Google’s Saudi Ties
Silence on journalist’s killing highlights deep business interests in Gulf state
Western business leaders have distanced themselves from Saudi Arabia and its leader, Mohammed bin Salman, in the wake of the murder of journalist Jamal Khashoggi by Saudi operatives. Representatives from Uber, Viacom, JP Morgan, Ford, Blackrock, and other major companies have pulled out of the Saudi government’s Future Investment Initiative (FII) conference, informally dubbed “Davos in the Desert.”
After nearly two weeks of silence, during which executives from more than a dozen other companies pulled out of the conference, Diane Greene, the CEO of Google Cloud, eventually followed suit in in pulling out of the FII meeting.
However, Google’s initial hesitance to drop out of the conference, as well as its unwillingness to comment on the Khashoggi episode even as other tech companies expressed their concern, hints at the company’s deep economic entanglements with Saudi Arabia.
Earlier this year, Google joined other tech firms in fêting Mohammed bin Salman during his visit to the United States.

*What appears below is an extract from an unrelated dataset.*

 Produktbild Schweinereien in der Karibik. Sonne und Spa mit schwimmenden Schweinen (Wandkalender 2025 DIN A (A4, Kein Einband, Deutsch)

At the time, the Saudi state energy company, Aramco, was reportedly in talks with Google about a joint venture to build a tech hub in Saudi Arabia. Google edged out Amazon, which is better established in the cloud business, to cement a partnership with the country.
In April 2018, Google announced a deal to build several “Innovation Hubs” across Saudi Arabia. The company also held “Google Developers Roadshow” events in Riyadh, Taif, Jeddah, Medina, and Khobar, Saudi Arabia, the same month.
The details of Alphabet’s investment in Saudi Arabia, which analysts have described as “unusual,” remain shrouded in secrecy. In April 2018, Google’s chief executive, Sundar Pichai, confirmed the company had already begun building data centers in Saudi Arabia. But the Google Cloud website makes no mention of a cloud region in Saudi Arabia.
Technology companies previously shied away from building data centers in the Persian Gulf because the countries’ privacy laws could allow the government to access user data without a court order. But Google has softened its stance on yielding to demands of authoritarian nations where it hopes to do business. The Intercept recently reported that the company had plans to launch a censored version of its search engine in China, over the protests of its own engineers, after quitting the market a decade earlier over its surveillance of dissidents’ email accounts.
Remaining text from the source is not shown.